HONG KONG, March 26 (Reuters) - Guotai Junan Securities , China’s third-largest brokerage by assets, is set to raise $2.1 billion in a rare fixed-price share offering in Hong Kong, IFR reported on Sunday, citing people familiar with the plans.
The Shanghai-listed company plans to sell 1.04 billion shares at a fixed price of HK$15.84 each, putting the total deal at HK$16.5 billion ($2.12 billion), IFR, a Thomson Reuters publication, reported. That would make it the largest stock sale in the city since the $7.63 billion initial public offering of Postal Savings Bank of China (PSBC) in September 2016.
Guotai Junan did not immediately reply to a Reuters request for comment after business hours on Sunday.
The deal will be launched on Monday, with pricing slated for Friday, IFR said.
The price represents a discount of about 25 percent to Guotai Junan’s closing price of 18.79 yuan in Shanghai on Friday.
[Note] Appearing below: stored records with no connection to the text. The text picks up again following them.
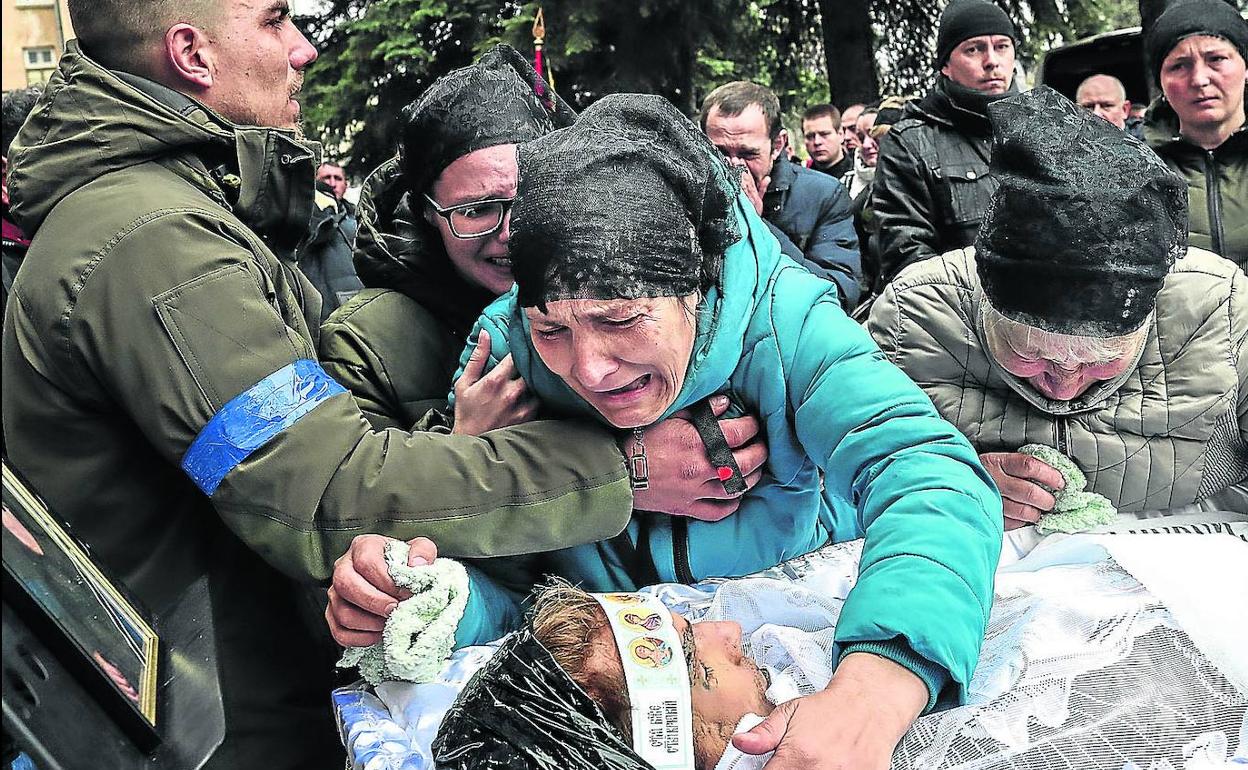 Familiares de un soldado ucraniano fallecido en Mykolaiv se desgarran de dolor durante el funeral, en el Cementerio Occidental de Odesa. 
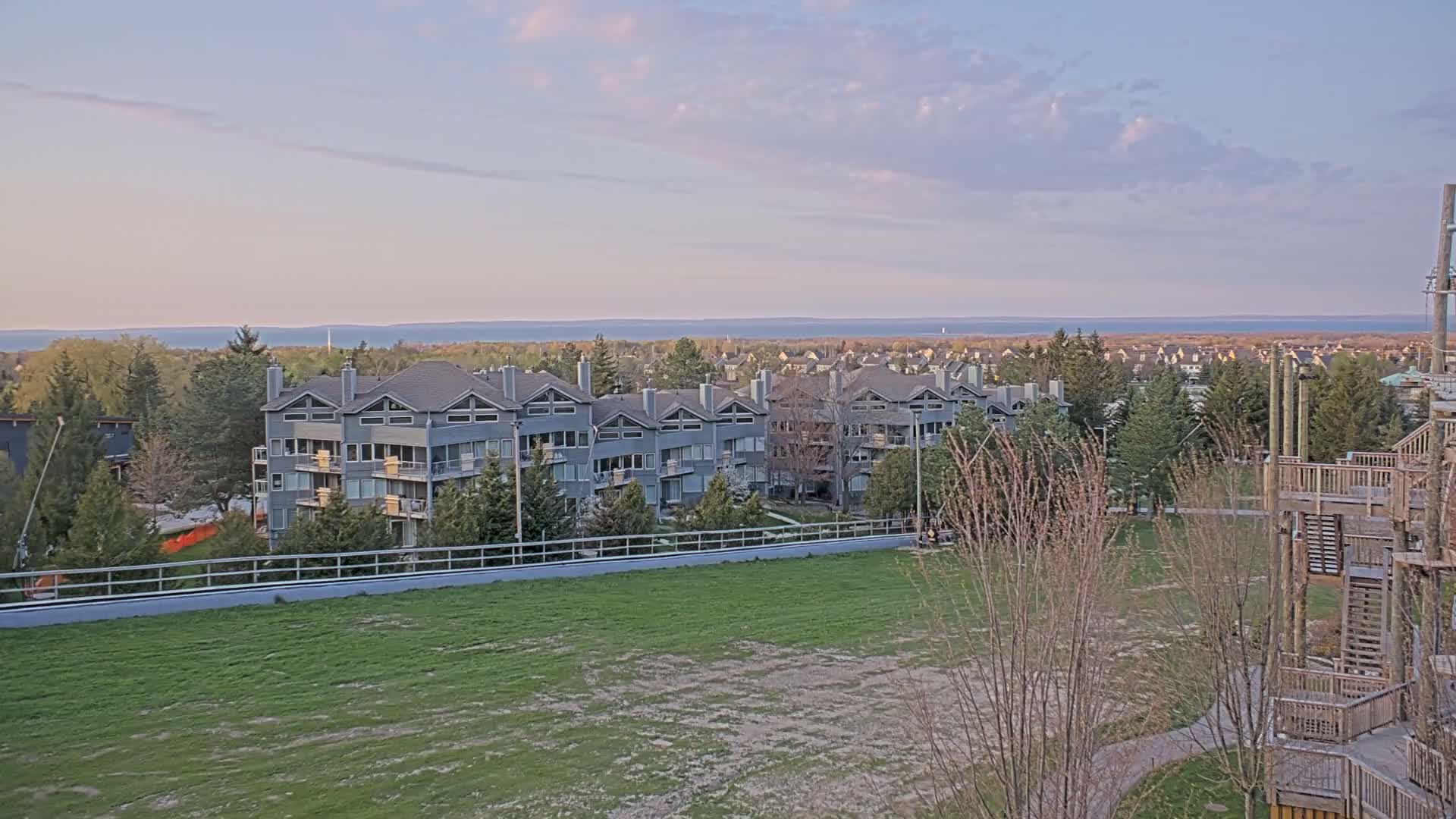 A row of gray townhouses overlooks a grassy field, a body of water, and a distant residential area under a partly cloudy, sunset sky.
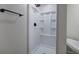 Close up of a shower with black fixtures and white molded plastic insert at 899 Marshall Fuller Rd, Dallas, GA 30157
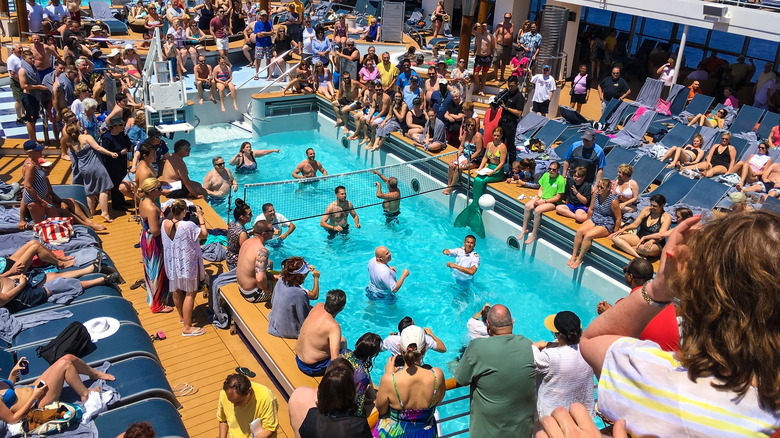 People play volleyball in a crowded cruise ship pool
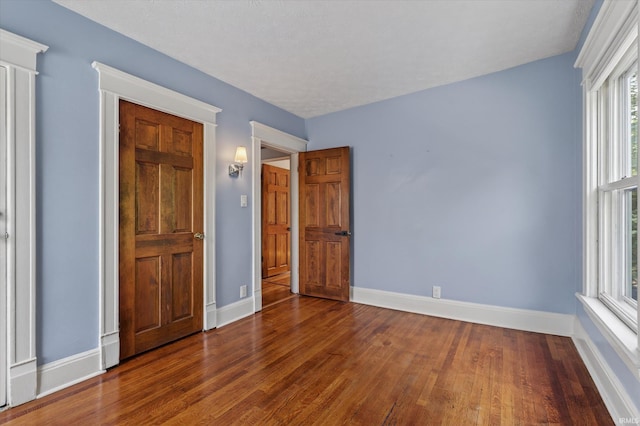 1060 Woodward Ave, South Bend, IN 46616 - unfurnished bedroom with wood finished floors and baseboards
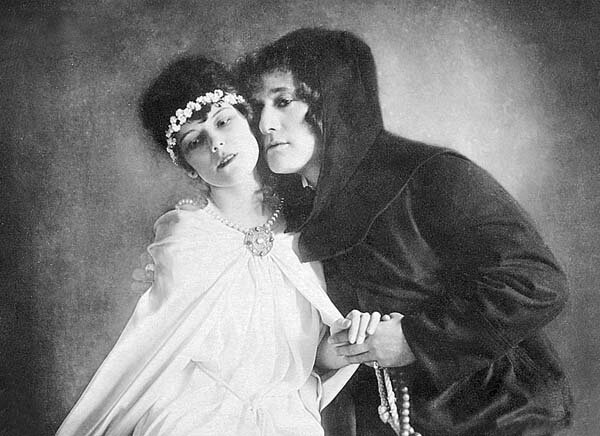 Czarno‑białe zdjęcie przedstawia przytuloną policzkami parę młodych ludzi. Od lewej strony młoda kobieta w białej sukni z białym wiankiem na głowie, przytula się lewym bokiem do mężczyzny w czarnym stroju z kapturem na głowie. Mężczyzna trzyma kobietę za lewą rękę. Oboje patrzą w dal. Tło jest szare.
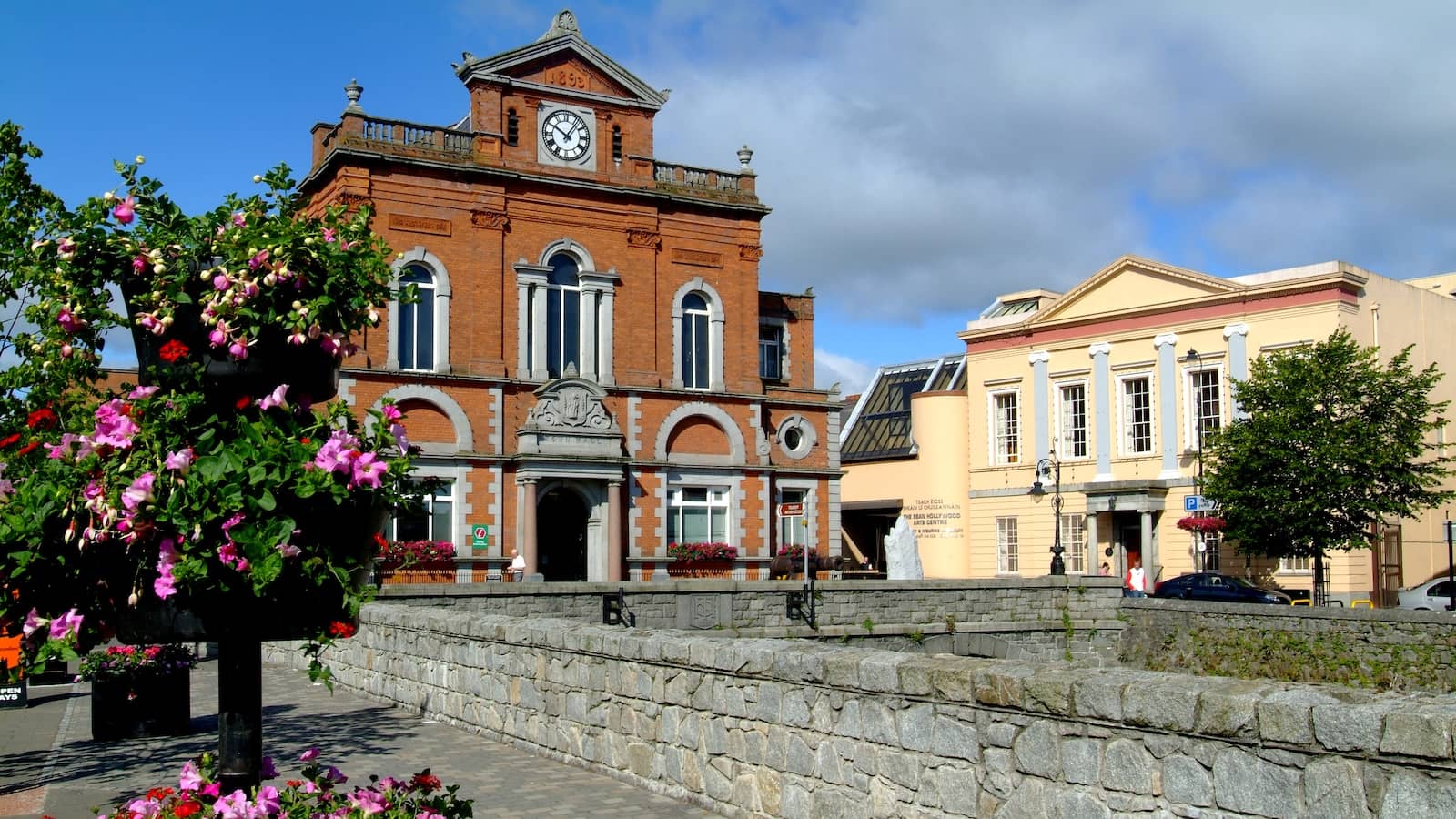 Historic Newry Town Hall beside the canal in County Down with colourful flower displays and blue skies overhead.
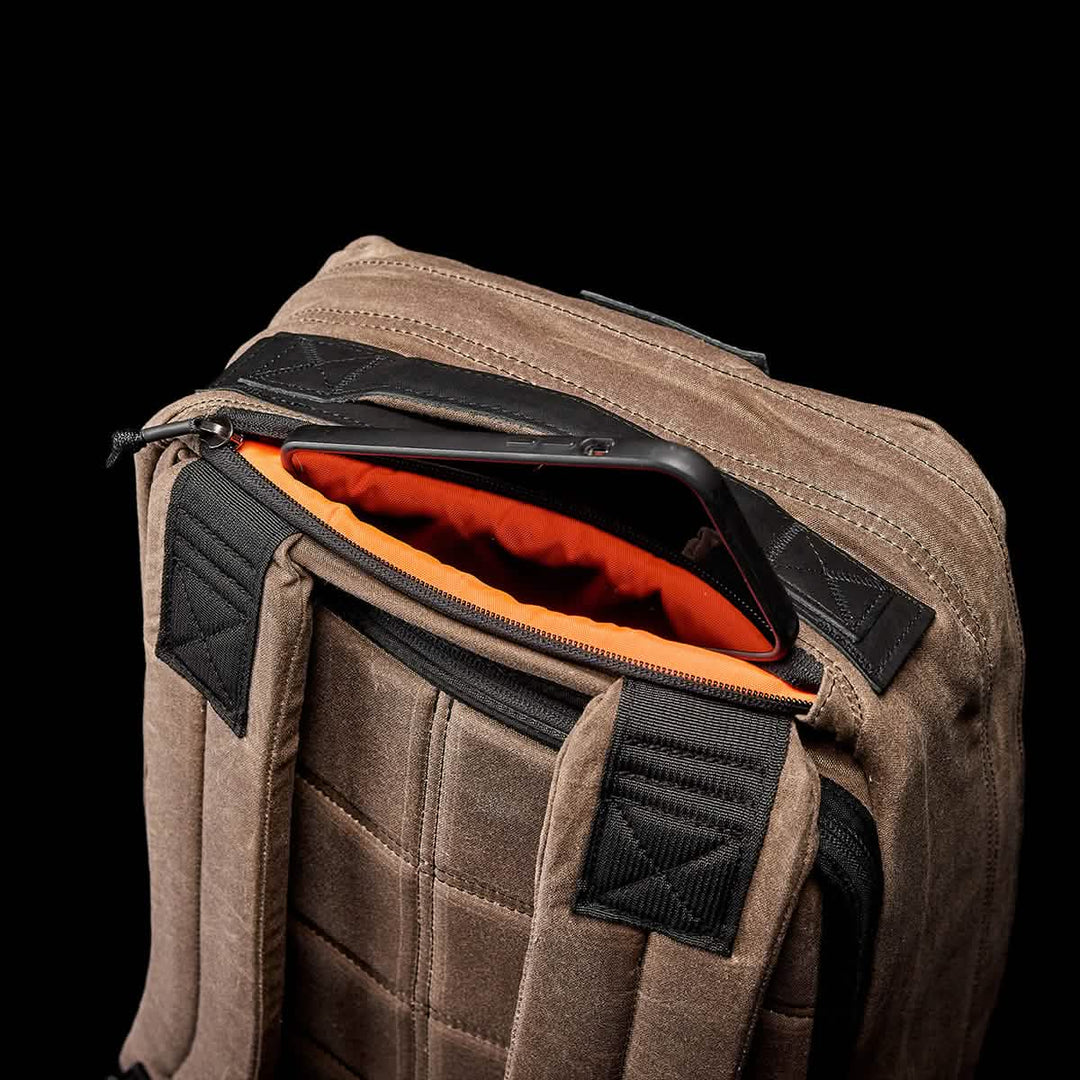 The GR1 USA - Heritage by GORUCK is a retro canvas rucksack made from waxed duck canvas, showcasing a brown body with an orange-lined pocket partially open against a black background.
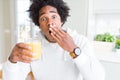 African American man holding and drinking glass of orange juice cover mouth with hand shocked with shame for mistake, expression Royalty Free Stock Photo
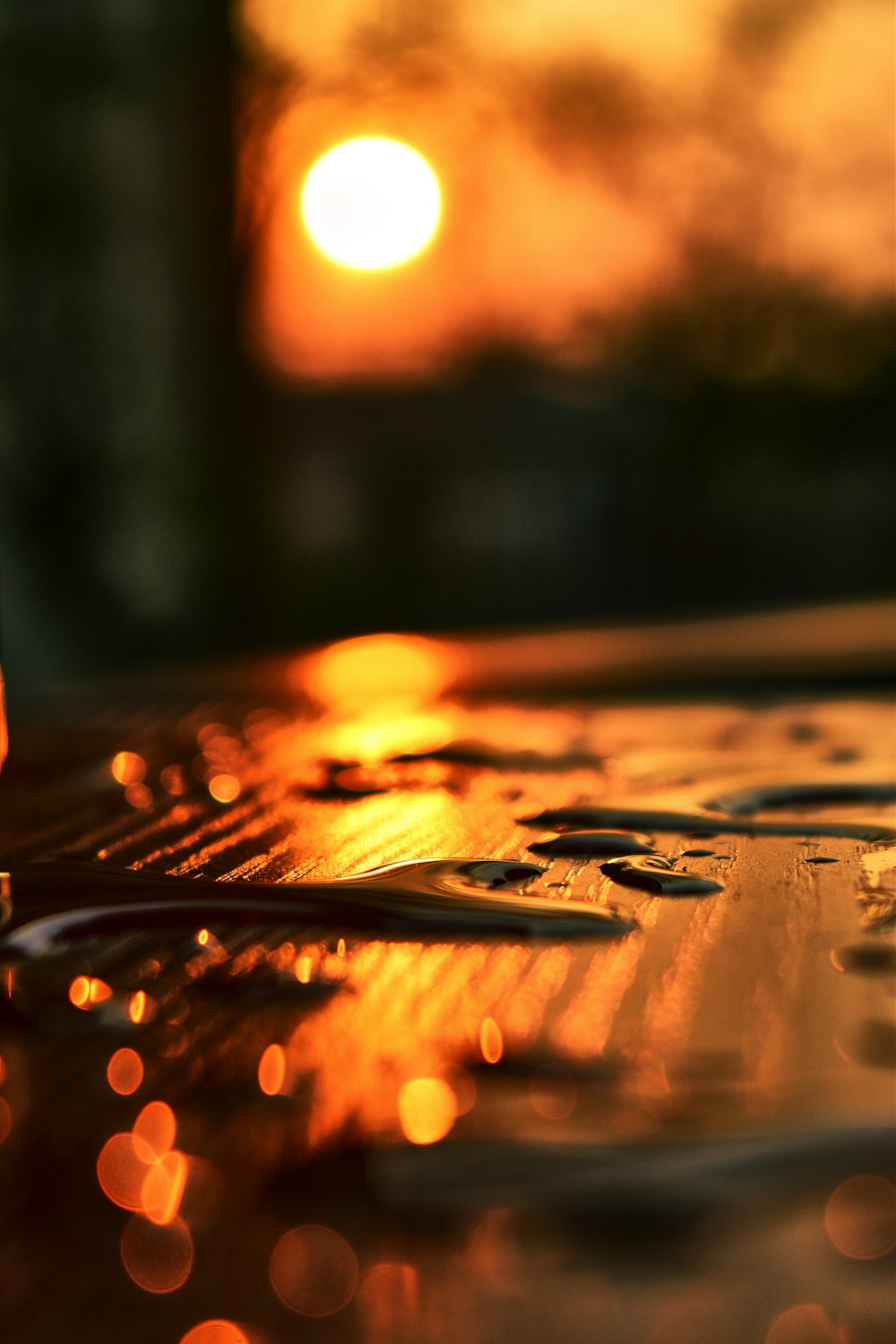 water droplets on brown wooden table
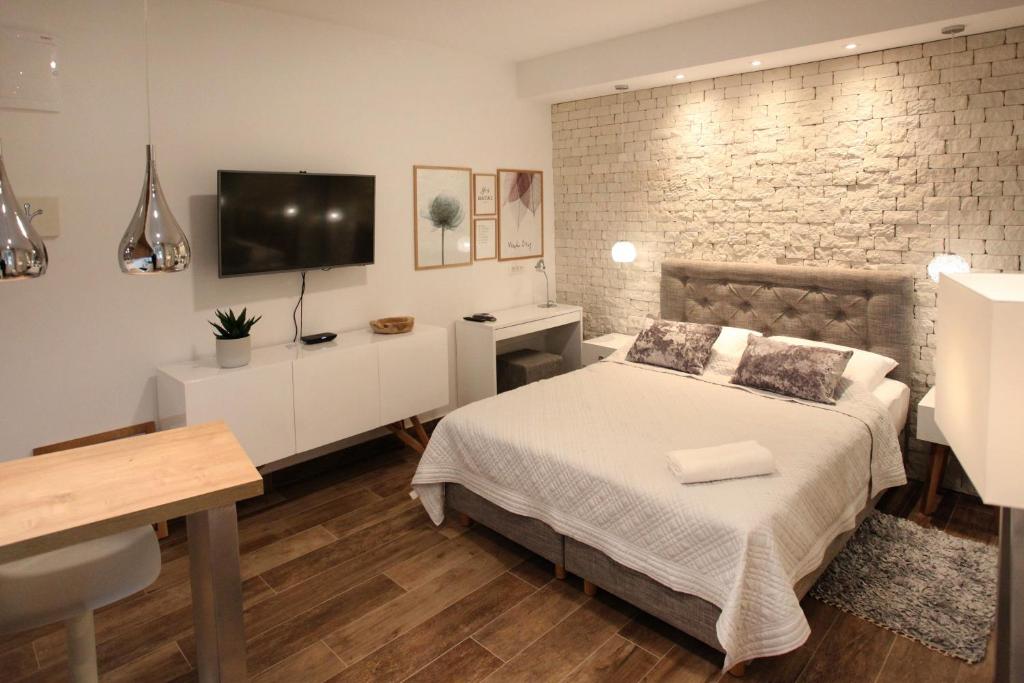 Postel nebo postele na pokoji v ubytování Apartments Tessera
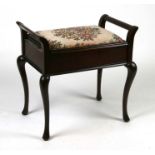 An Edwardian mahogany piano stool with upholstered lift-up seat.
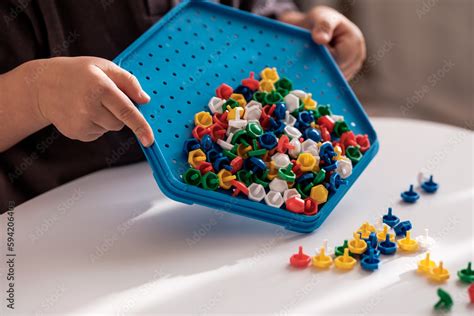 Little child playing peg board mosaic toy, sensory activities for toddlers Stock Photo | Adobe Stock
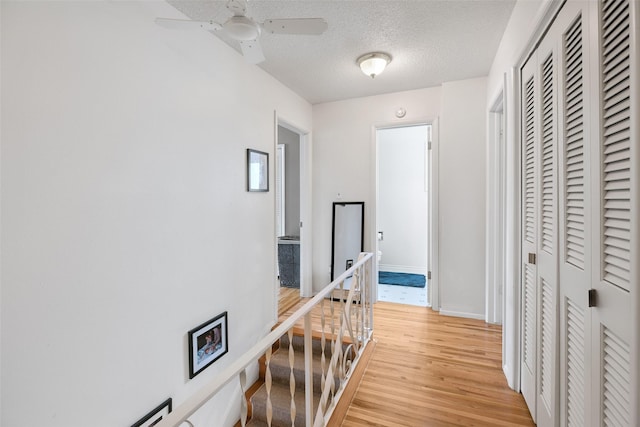 corridor with light wood-style flooring, baseboards, a textured ceiling, and an upstairs landing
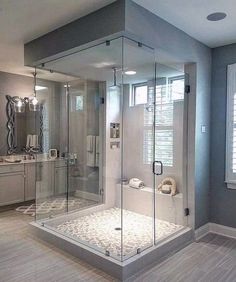 a large bathroom with a walk in shower next to a sink and toilet on top of a hard wood floor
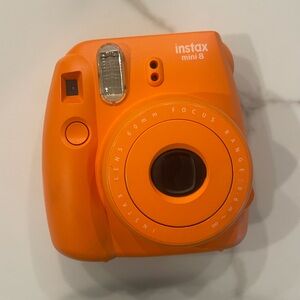 Orange Fuji Instamax Mini 8 Polaroid camera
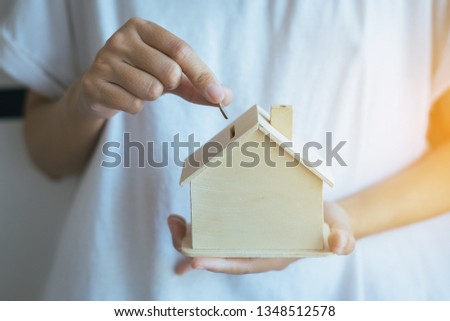 Coins stack with hand putting of coin on home model bank,Finance and money saving concept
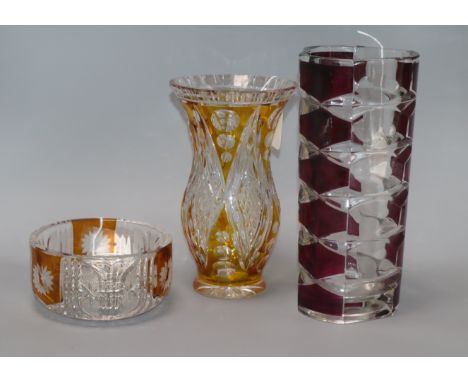 A French ruby overlay faceted glass vase, stamped 'France' to base and two other items, a yellow overlay faceted and cut glas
A fixed-price share offering is unusual, with most deals setting an indicative range before deciding on the final pricing, depending on demand.
Guotai Junan secured about $600 million in commitments from cornerstone investors for the deal, IFR reported. The company ranks behind CITIC Securities and Haitong Securities in terms of assets, revenue and profits, according to the offering prospectus.
Guotai Junan hired Bank of America Merrill Lynch, Goldman Sachs, Shanghai Pudong Development Bank International and Guotai Junan’s Hong Kong investment-banking arm - Guotai Junan International - as joint sponsors for the deal.